Impact of orthophosphate on the solubility and properties of lead orthophosphate nanoparticles†
Abstract
Orthophosphate (PO4) is a commonly used corrosion control treatment to reduce lead (Pb) concentrations in drinking water. PO4 reduces Pb concentrations by forming relatively insoluble lead phosphate (Pb–PO4) minerals. In some cases, however, Pb–PO4 minerals have been observed to form nanoparticles, and if suspended in water, these nanoparticles can be mobile and reach consumer taps. Although recent research on Pb–PO4 particles has been performed, there remains a need to improve our understanding of the nature of Pb–PO4 nanoparticles.
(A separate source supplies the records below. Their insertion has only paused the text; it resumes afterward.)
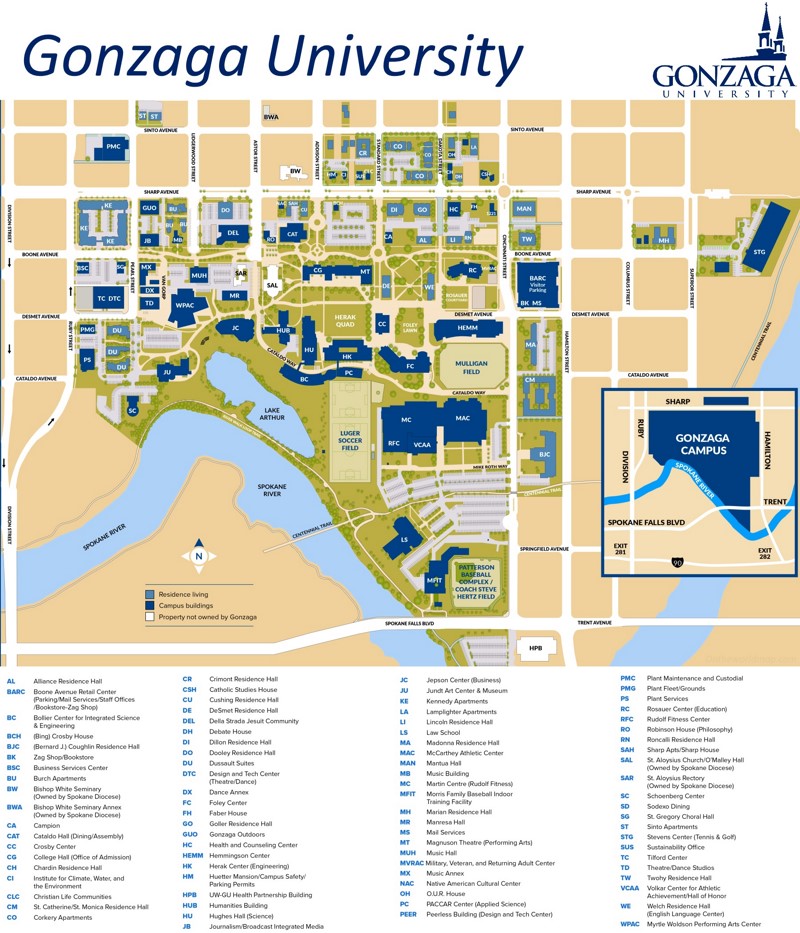 Gonzaga University Campus map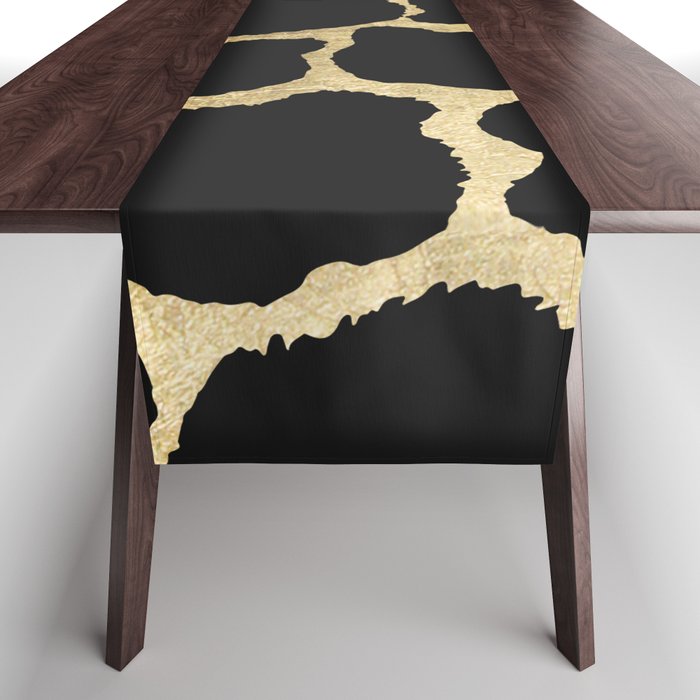 Elegant Abstract Black Gold Giraffe Animal Print Table Runner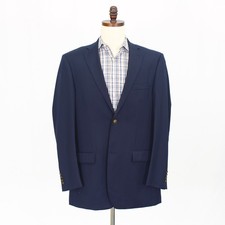 Paul Fredrick 42L Navy Sport Coat Blazer Jacket Solid 2-Button Wool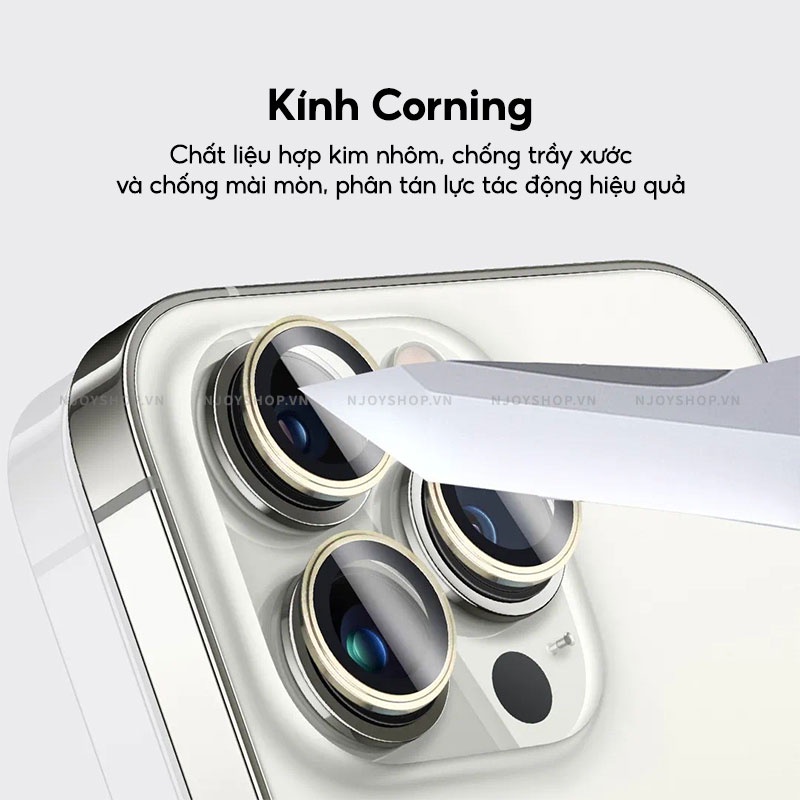 Bộ Vòng Cường Lực Bảo Vệ Camera Urr Có Khung Hỗ Trợ Dán Cực Dễ Cho 13 Pro Max 12 Pro Max Njoyshop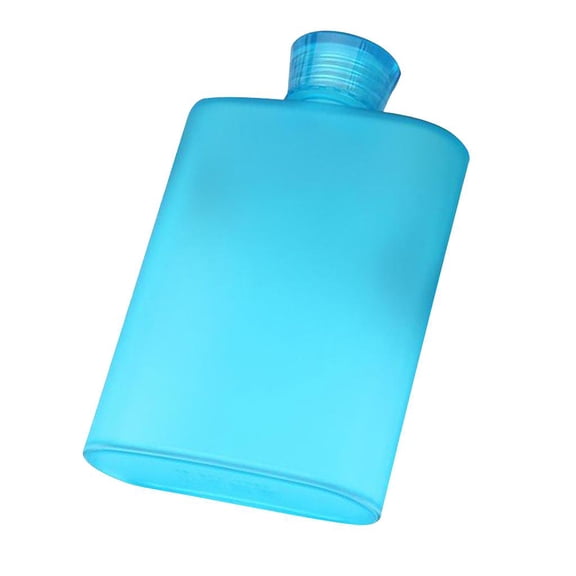 Axioma Water Bottle, Reusable Water Bottles - Small Plastic Flask, Refillable Flat Memo Blue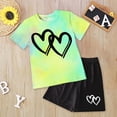 thumbnail image 2 of mgoYE Little Girl Outfits Size 7/8 Girls Clothes Summer Short Sleeves & Heart Shorts Kids 2PCS Outfits Teen Girls' Clothing Sets(Mint Green,2-3 Years), 2 of 4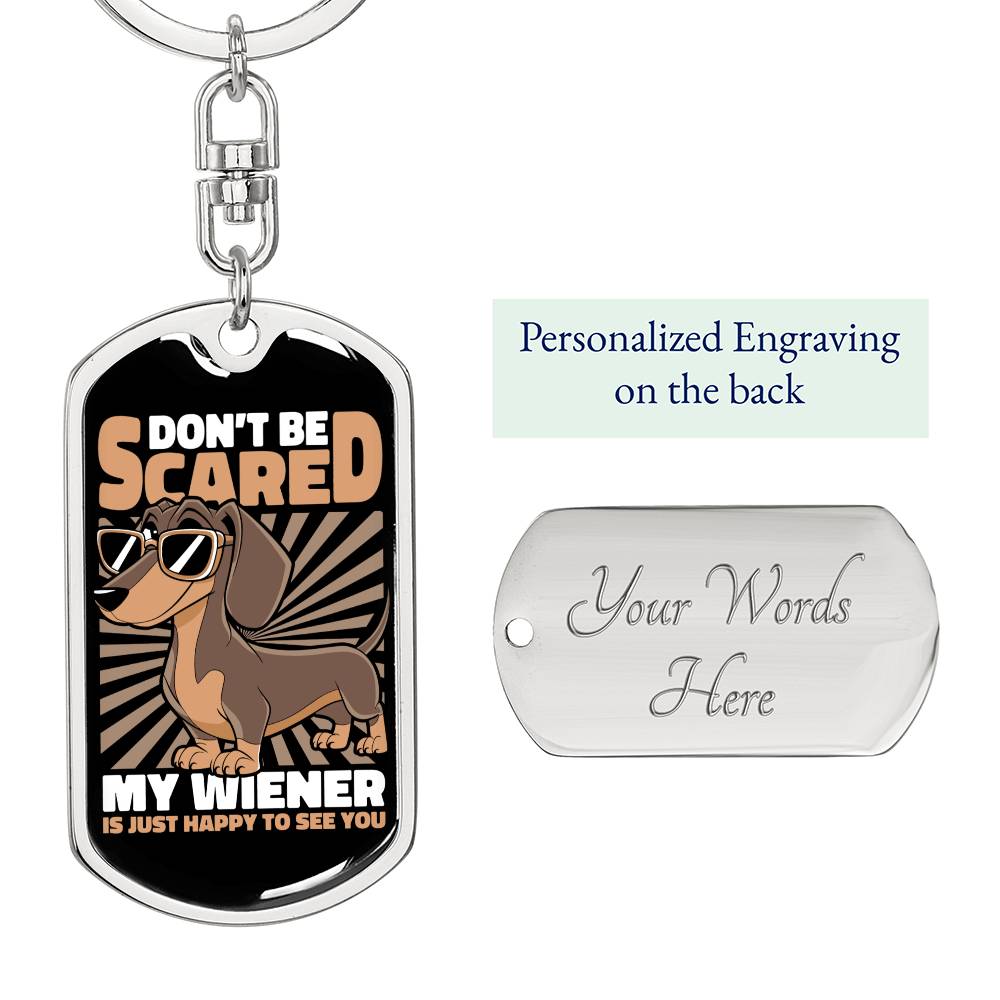 Happy Wiener - Graphic Dog Tag Keychain - Real Rad Boutique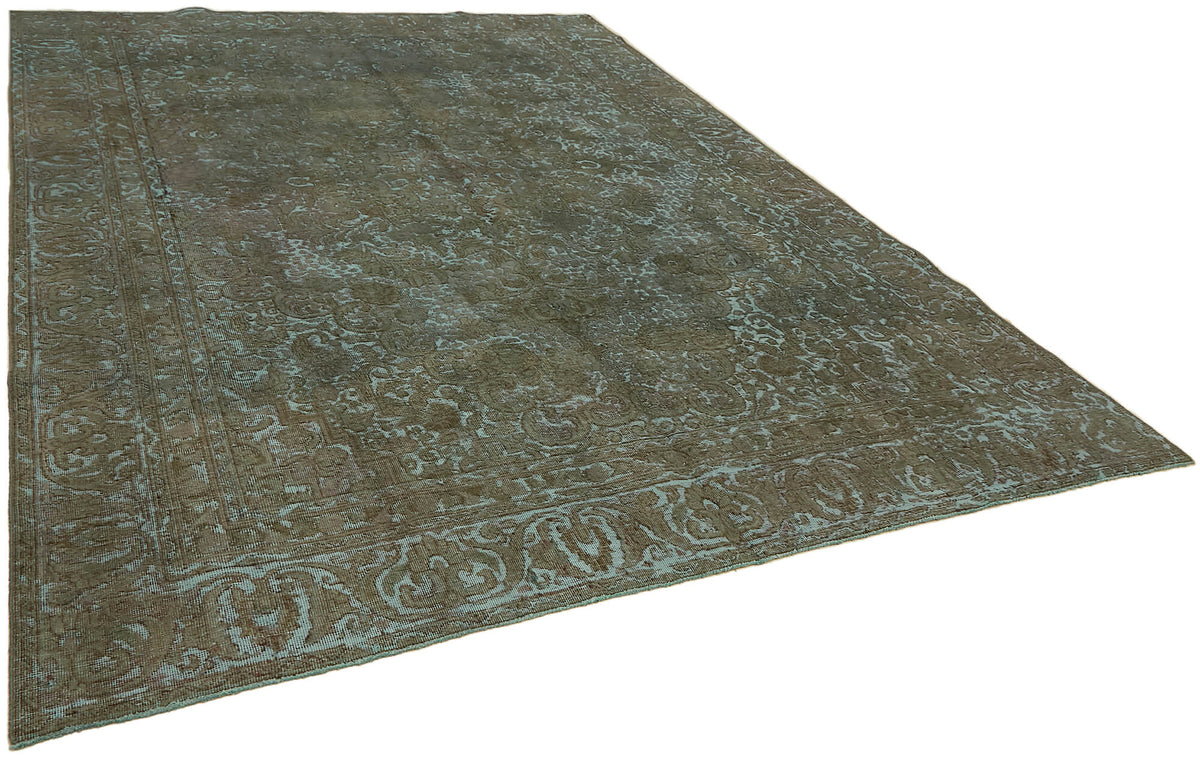 Zelko Çiçek Desenli Kahverengi Gri Eskitme Vintage Halı 257x357 cm – genel görünüm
For that reason, Pb precipitation experiments were conducted to generate Pb–PO4 nanoparticles in bench scale studies for analysis. The study objective was to observe how pH, dissolved inorganic carbon (DIC), and PO4 impacted the properties of Pb–PO4 particles. Specifically, particle size, surface charge, mineralogy, and solubility were analysed. Hydrocerussite was precipitated when no PO4 was present, hydroxypyromorphite (Pb5(PO4)3OH) nanoparticles (<100 nm diameter) were precipitated when excess PO4 relative to Pb necessary to completely precipitate the mineral was present, and a mixture of the two minerals was precipitated when an insufficient amount of PO4 was present. Hydroxypyromorphite particles were less soluble than hydrocerussite by up to two orders of magnitude. The estimated Ksp,OH of 10−66.87 in this work closely aligned with previous Ksp,OH estimates that ranged from 10−66.77 to 10−62.79. Hydroxypyromorphite particles would not settle in water which was likely due to their small size and high negative charge. The mobility and size of these particles indicates that there are potential implications for such particulate Pb to remain suspended in water and thus be present in the tap water.